My boyfriend just dumped me, and I am heartbroken. His sole reason was the distance between us. And I get it. It was hard being on different coasts, in different time zones. But I was willing to move out to be with him and give us a try. I told him that the night before he broke up with me.
I’m confused because he seemed so touched by my decision, and we cried together. I thought he was crying out of happiness and the fact that we were making a big commitment. But I realize he was crying because he was about to break my heart.
And, because we’re not physically together, both discussions were over the phone. NOT ideal. Now I don’t know what to do because I had bought a ticket to fly out to surprise him on his birthday, which is in a month. I’d been in cahoots with some of our friends out where he lives, and we were going to surprise him with a small get together.
Do you think I should still go?
Dumped
My answer depends on why he REALLY broke up with you. I don’t think it’s that cut and dry. If he’s lost feelings due to distance, and has started glancing elsewhere, then it’s probably too late and you shouldn’t go. However, if he’s just trying to protect his own emotional and mental health but still loves you and would prefer to be together than not, then you should go. Even if it’s just the last hurrah, an in-person goodbye feels better and gives closure over a phone dump.
Get in touch with your closest friend out there and ask their advice on the situation. You could always just go and spend the weekend with your friends.
My wife recently passed away in a horrifying and tragic accident. She was driving out of town to pick up a puppy she had secured without telling any of us. It was obviously supposed to be a huge surprise, one that we all would have loved.
Unfortunately, the weather was bad, and her car slid on black ice. The car hit a pole hard on the driver’s side and she was instantly killed. When the police arrived, her phone was ringing and they answered to the breeder wondering where my wife was, as she was supposed to arrive an hour earlier.
Two weeks after she died, the breeder showed up at our door with the pup, a cage, a bag of food, treats, toys, water and food bowls. She also never cashed my wife’s deposit cheque, nor charged us for the pup.
We love our little puppy, and I think it’s very helpful for the children to have something to shower love on, and to get back the kind of love only a puppy can give. I’m thrilled to have her. But every time I look at her, I think of why my wife died. I can’t help it.
How do I get over that? And how do I make sure my kids don’t feel the same way?
Devastated by tragedy
It’s barely been a month since you lost your wife unexpectedly. You haven’t had any time to grieve, especially since you have children to parent and help through their loss, not to mention a new puppy. The latter can be a good distraction, in the moment, and I agree that there’s nothing better than puppy love to soften the heart.
But you and your children would benefit from grief counselling. They’ll need help on navigating life without a mother; you’ll need help on single parenting, on being a widower and on separating life from death.

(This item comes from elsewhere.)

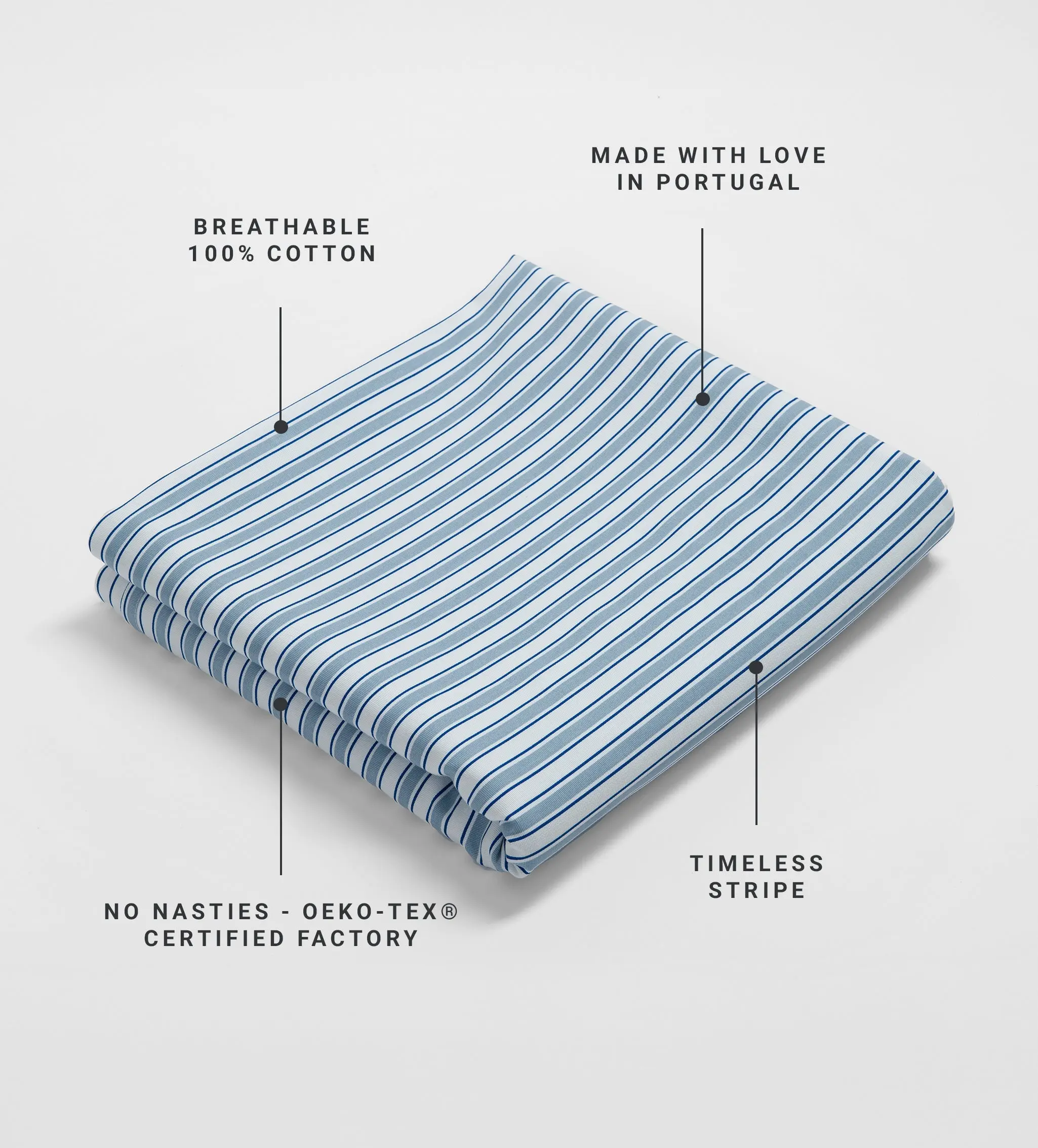 Glassette Teddy Stripe 100% Cotton Flat Sheet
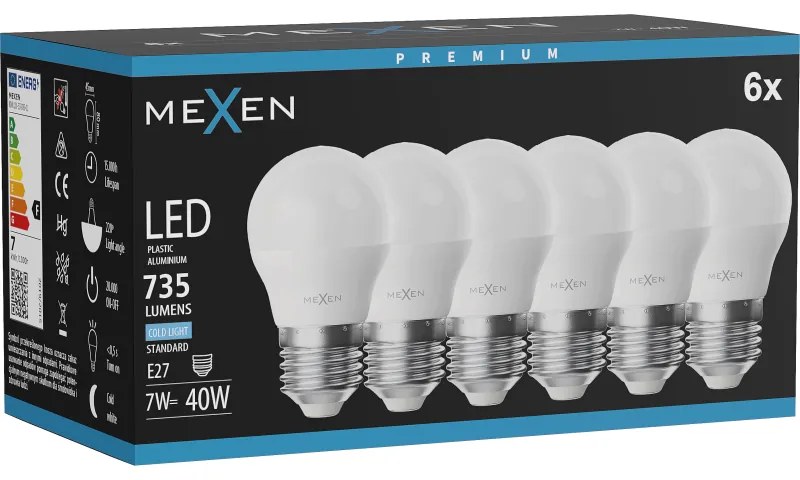 Mexen Nova 6x żarówka LED E27, G45, 7W, Zimna - 6500K, 735 lm - L101-E27-0765-01x06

It’s not the puppy’s fault.
FEEDBACK Regarding horny as hell (Jan. 4):
Reader – “You must be receiving an avalanche of emails regarding ‘Horny as hell.’ I can empathize as I’m in the same boat. My husband has been impotent for over 10 years. He refuses to address the problem. I begged him to try Viagra. The night that he used it was a disaster. I don’t know if he took enough or if he took it in time to take effect, it just didn’t work and I had to take matters in my own hands, so to speak.
“Yes, I have toys to alleviate the desire but, I miss being made love to, I miss the afterglow, but most of all I miss the human touch. So, if you publish this piece and ‘Horny as hell’ reads it and wants my email address, I give you my permission to give it to him. I’m wary about dating sites.”